No.1-Week of 16-20 February 2009

African Union—Almost a fortnight after the Ordinary Session of the Africa Union Assembly of the Heads of State and Government ended, many column inches continue to be written about the feasibility of a United States of Africa (USAf). The debate has now moved on one gear, with less of a focus on Qaddafi and more on what would comprise the AU government. The gradualists (Nigeria; South Africa; Uganda among them) talk about integrating Africa incrementally, and through the regional economic communities first, whereas the instantists (including Sudan) believe whatever shape Africa is in now, it’s now or never.

ECOWAS--A call has been made by a Commissioner of the African Commission on Human and Peoples Rights (ACHPR), Mrs. Dupe Atoki, to ECOWAS member states to commit to human rights by establishing infrastructure, including relevant institutions, which can promote and protect human rights in the region.

CEMAC—Cameroonian-born Dr.Chris Fomunyoh, Senior Associate for Africa & Regional Director of NDI, a Washington-based non-profit organization, has, in an interview, castigated Cameroon for adopting what he considers a “lack of leadership in the sub-region”, and cites it as being responsible for the poor economic and political transformation in the sub-region. He believes that unlike Nigeria/South Africa/Kenya for ECOWAS/SADC/EAC respectively, Cameroon has failed to step up to the plate over CEMAC. In this regard, Cameroon’s failure to compete as a sub-regional leader explains why the region “is unable to experience the kind of economic and political transformation other parts of the continent have enjoyed.”

IGAD—Kenya has been urged—under the leadership of IGAD—to take the lead in facilitating peace in Sudan. Two important developments in that country—its general election in July, and referendum on whether the country should remain a singular state—inform the need for all members of the six-member IGAD to assist the country find its feet.
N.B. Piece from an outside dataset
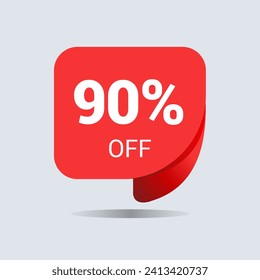 90% off discount, ninety percent chat balloon. Special offer sale red tag. Concept of the price list for discounts. Advertising campaign, sales, label offer. Vector illustration.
EAC—Ugandan president Yoweri Museveni has called on Ugandans to promote patriotism and love for an East African Federation. Explaining that the country has a population of only 30 million people, he said that by 2013, four other members—Kenya; Tanzania; Rwanda and Burundi—will form a single state. The IMF says this would create a population of around 127 million, making it the second-most populous nation in Africa, after Nigeria.